Government lobbied for the passing of the Anti-Corruption Amendments Act 2013 that provides for the confiscation of the properties of those convicted of corruption. The Whistle Blower’s Act 2010, which allows people to report cases of corruption and guarantee them protection, will be popularised to encourage its use. 

From the International and Regional Co-operation perspective, Government will continue to work vigorously for the deeper integration of the East African Community and co-operate with our partners in the Eastern Africa region. 
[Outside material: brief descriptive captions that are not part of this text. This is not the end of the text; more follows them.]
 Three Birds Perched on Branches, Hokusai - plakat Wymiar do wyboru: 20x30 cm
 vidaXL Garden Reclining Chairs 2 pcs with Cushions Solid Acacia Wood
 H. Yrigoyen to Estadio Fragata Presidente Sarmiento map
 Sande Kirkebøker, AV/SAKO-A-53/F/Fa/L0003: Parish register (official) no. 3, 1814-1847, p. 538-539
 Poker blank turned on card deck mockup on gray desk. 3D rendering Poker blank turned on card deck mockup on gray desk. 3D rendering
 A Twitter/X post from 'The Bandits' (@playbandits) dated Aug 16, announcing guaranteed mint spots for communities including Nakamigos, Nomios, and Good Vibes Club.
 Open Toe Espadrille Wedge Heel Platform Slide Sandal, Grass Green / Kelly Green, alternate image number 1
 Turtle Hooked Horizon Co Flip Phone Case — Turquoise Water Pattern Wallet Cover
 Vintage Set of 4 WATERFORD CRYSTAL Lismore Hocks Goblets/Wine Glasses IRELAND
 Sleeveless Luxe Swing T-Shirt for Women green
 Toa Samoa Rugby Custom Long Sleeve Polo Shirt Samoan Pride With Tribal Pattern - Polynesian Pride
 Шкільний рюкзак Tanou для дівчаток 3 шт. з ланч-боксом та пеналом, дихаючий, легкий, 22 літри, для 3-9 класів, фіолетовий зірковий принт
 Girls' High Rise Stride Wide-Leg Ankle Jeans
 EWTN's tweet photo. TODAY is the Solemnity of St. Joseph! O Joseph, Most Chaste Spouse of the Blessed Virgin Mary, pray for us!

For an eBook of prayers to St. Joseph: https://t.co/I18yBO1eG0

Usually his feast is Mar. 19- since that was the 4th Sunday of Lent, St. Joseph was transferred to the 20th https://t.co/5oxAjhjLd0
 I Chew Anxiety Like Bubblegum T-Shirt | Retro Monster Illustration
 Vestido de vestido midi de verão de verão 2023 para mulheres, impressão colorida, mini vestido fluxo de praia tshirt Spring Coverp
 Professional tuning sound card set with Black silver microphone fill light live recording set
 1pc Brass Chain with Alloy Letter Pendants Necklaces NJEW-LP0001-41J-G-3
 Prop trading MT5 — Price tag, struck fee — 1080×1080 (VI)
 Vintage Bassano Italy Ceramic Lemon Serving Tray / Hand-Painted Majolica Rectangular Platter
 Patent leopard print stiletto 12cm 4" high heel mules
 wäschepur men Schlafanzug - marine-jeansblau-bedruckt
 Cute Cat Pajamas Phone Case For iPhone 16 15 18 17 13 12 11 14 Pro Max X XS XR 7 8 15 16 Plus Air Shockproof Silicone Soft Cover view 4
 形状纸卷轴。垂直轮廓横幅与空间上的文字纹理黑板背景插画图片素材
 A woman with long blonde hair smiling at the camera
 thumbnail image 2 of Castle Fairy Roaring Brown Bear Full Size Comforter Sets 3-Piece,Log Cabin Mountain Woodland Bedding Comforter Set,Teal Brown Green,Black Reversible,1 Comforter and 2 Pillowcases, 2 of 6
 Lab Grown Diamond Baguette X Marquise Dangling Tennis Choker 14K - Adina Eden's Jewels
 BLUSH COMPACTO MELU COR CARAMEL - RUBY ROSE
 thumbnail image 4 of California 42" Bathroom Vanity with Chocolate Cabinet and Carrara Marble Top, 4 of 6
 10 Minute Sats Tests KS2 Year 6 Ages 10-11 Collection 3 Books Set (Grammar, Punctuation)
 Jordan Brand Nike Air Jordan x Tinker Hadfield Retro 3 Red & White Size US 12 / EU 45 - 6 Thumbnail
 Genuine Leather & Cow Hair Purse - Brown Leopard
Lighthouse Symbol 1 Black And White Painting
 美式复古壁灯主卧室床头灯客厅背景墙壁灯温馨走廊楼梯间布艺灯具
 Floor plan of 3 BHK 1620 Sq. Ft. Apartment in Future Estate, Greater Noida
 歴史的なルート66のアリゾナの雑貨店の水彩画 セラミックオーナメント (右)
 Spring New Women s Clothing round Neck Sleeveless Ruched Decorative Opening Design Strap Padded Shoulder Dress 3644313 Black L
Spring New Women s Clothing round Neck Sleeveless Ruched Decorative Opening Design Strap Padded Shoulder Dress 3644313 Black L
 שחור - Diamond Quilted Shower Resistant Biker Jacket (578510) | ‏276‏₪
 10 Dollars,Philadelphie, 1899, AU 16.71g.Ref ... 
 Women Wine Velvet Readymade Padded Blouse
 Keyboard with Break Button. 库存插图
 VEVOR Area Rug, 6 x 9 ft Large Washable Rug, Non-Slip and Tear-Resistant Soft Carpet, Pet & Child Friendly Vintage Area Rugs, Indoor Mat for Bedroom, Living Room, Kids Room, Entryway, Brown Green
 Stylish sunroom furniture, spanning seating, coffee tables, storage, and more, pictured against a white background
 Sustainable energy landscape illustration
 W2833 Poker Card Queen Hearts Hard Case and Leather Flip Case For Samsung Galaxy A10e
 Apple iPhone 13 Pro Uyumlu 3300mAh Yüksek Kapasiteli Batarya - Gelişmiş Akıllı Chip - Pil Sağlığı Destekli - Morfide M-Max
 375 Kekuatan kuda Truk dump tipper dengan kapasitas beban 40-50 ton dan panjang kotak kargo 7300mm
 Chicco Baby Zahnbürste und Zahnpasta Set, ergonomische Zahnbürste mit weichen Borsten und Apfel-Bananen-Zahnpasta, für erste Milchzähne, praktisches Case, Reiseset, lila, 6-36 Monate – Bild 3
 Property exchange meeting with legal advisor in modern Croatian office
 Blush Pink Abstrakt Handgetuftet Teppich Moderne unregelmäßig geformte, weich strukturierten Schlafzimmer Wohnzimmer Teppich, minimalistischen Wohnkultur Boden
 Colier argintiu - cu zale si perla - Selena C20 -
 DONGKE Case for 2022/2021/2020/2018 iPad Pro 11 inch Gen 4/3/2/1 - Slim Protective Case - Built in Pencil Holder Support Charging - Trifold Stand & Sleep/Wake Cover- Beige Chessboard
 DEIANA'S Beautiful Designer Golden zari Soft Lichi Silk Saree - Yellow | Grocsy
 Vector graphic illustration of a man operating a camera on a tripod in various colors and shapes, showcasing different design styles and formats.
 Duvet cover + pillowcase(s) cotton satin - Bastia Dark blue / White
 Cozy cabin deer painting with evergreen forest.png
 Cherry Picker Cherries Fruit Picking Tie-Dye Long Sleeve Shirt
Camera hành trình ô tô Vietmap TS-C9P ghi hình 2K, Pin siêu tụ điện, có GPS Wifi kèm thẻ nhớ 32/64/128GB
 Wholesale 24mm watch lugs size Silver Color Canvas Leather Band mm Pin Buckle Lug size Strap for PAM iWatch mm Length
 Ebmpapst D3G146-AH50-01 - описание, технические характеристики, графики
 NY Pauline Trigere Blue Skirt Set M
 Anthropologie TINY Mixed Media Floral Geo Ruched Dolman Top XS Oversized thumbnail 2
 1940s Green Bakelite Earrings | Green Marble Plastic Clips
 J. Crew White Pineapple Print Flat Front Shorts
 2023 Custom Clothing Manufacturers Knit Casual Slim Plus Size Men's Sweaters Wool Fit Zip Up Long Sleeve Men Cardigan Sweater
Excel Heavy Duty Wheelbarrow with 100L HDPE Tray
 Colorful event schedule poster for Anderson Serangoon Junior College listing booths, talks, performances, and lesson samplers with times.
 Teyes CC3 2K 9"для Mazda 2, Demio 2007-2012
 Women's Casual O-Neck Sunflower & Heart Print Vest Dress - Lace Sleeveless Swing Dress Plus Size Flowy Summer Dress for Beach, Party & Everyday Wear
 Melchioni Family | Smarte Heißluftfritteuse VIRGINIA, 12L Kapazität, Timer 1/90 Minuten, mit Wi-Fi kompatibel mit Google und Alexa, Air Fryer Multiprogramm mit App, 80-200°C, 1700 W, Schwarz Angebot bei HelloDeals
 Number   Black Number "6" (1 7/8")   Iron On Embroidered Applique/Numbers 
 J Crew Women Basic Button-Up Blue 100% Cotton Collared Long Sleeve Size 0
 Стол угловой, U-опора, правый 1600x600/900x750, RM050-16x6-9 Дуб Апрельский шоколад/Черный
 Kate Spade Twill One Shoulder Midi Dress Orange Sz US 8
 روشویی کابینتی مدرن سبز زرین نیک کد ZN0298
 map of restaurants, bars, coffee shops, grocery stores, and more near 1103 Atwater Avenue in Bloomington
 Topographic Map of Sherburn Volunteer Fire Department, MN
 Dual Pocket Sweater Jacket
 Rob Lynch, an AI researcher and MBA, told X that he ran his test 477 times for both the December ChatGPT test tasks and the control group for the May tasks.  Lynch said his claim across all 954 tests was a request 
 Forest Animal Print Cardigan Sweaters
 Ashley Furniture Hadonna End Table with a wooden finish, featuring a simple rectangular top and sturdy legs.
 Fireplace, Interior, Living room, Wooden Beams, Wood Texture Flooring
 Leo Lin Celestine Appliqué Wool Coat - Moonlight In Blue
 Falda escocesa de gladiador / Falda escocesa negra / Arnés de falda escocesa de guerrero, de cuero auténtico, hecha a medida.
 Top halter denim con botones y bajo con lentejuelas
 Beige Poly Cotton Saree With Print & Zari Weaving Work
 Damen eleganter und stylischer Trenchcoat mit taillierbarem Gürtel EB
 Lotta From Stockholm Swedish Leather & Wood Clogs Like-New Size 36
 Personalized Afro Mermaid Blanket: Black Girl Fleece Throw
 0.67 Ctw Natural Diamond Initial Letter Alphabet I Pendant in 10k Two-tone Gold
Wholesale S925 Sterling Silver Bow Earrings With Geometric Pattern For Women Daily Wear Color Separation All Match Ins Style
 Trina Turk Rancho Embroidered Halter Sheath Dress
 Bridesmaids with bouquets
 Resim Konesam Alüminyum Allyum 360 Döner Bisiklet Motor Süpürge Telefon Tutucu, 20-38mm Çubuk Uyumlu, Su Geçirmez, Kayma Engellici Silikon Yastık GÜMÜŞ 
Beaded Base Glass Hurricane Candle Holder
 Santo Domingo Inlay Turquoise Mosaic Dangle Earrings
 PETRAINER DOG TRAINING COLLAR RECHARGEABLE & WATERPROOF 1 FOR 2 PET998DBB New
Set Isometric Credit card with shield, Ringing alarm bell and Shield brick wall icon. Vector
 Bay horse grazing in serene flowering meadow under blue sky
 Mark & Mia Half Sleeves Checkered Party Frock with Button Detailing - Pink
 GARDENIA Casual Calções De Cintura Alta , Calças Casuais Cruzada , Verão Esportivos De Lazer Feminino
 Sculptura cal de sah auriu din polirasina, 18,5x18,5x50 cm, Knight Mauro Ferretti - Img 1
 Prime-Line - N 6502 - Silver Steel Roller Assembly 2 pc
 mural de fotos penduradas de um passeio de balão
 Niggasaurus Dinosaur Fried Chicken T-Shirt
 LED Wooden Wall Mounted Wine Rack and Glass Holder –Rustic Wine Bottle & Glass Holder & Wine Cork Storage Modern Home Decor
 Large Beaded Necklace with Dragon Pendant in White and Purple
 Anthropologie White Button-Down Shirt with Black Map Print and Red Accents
In terms of adjudication, our courts should not be barriers to trade by taking so long to deliver decisions involving movement of goods and services. We shall, in the same vein, work to strengthen regional organisations such as the Common Market for Eastern and Southern Africa (COMESA), the Inter-Governmental Authority on Development (IGAD), the Southern Africa Development Co-operation (SADC) and the EAC, SADC and COMESA tripartite agreement.  At the African Union level, we will continue contributing to the peace-keeping missions and working for the consolidation of the African Economic Community.

I thank you for inviting me and it is now my pleasure to declare the Annual Judges Conference officially open.